Les femmes ne sont pas en reste dans Jurassic Park. On retiendra bien sûr cette réplique culte du premier volet : « Dieu crée les dinosaures. Dieu détruit les dinosaures. Dieu crée l’Homme. L’Homme détruit Dieu. L’Homme crée les dinosaures. Les dinosaures mangent l’Homme. La Femme hérite de la Terre. »
Ainsi, la brillante paléobotaniste Ellie Sattler (Laura Dern) et la zoologiste passionnée Sarah Harding (Julianne Moore) incarnent toutes deux des personnages féminins à la fois courageux et ingénieux, affirmant avec force la place des femmes dans des univers traditionnellement dominés par les hommes. Dans Jurassic World : Renaissance, place à une certaine Zora (Scarlett Johansson), ancienne militaire spécialisée dans les opérations spéciales, à la fois déterminée et humaniste.

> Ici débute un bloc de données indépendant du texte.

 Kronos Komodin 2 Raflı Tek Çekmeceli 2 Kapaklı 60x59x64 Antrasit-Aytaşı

Si on peut noter quelques stéréotypes sexistes persistants, notamment le personnage de Claire (Bryce Dallas Howard) perché sur ses talons hauts dans Jurassic World, la saga a su présenter des héroïnes intelligentes et courageuses – avec la représentation pionnière, en 1993, d’une scientifique crédible – participant activement à l’action et aux décisions.

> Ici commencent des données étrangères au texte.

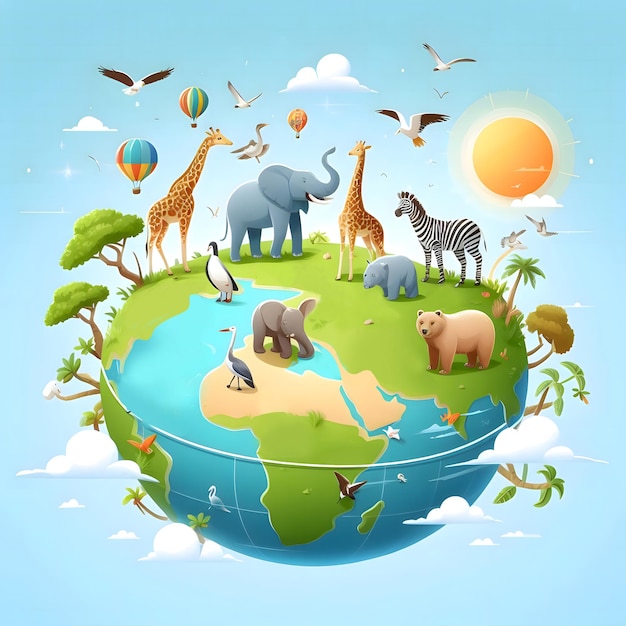 Globo Mundial com Animais no Dia da Vida Selvagem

Jurassic Park, 1993, Copyright Universal Pictures
Toujours plus de dents
Comme le répond le scientifique Wu à Simon Masrani (Irfan Khan) dans Jurassic World : « You didn’t ask for reality, you asked for more teeth » (« Tu n’as pas demandé la réalité, tu as demandé plus de dents »). Et c’est sur ce même principe que fonctionne la licence.
On vous l’accorde, en 1993, le tyrannosaure impressionnait. Mais en 2025, il ne ferait plus vraiment le poids face à d’autres créatures numériquement générées, et ça, la licence Park l’a bien compris. Pour faire perdurer l’attrait des spectateurs, les longs-métrages ont su nous présenter des créatures toujours plus grosses, plus dangereuses, et souvent engagées dans des combats sanglants.
Les deux premiers films nous servaient timidement des vélociraptors et T-Rex. Jurassic Park III, quant à lui, nous faisait frissonner avec un spinosaure devenu culte, le plus grand animatronique de l’histoire du cinéma (13 mètres de long et 12 tonnes). La trilogie World se devait d’en faire encore plus. Jurassic World présentait alors le mosasaure et l’Indominous Rex, un animal génétiquement modifié, lui-même décliné en Indoraptor dans Jurassic World : Fallen Kingdom.
Jurassic World, 2015, Copyright Universal Pictures
Dans cette surenchère spectaculaire, Jurassic World : Renaissance laisse place à un monstre à la croisée d’Alien et de Jurassic Park, qui « fera même faire des cauchemars aux parents ». Une nouvelle créature sûrement inspirée par la filmographie de son réalisateur Gareth Edwards (Godzilla) qui donne un nouveau souffle à la suite de la licence.
En somme, si la saga parvient à façonner des bestioles aux dents toujours plus acérées, elle pourrait perdurer encore des années. Ça tombe bien, les fans de la licence ne sont pas prêts à laisser s’éteindre l’ère Jurassic.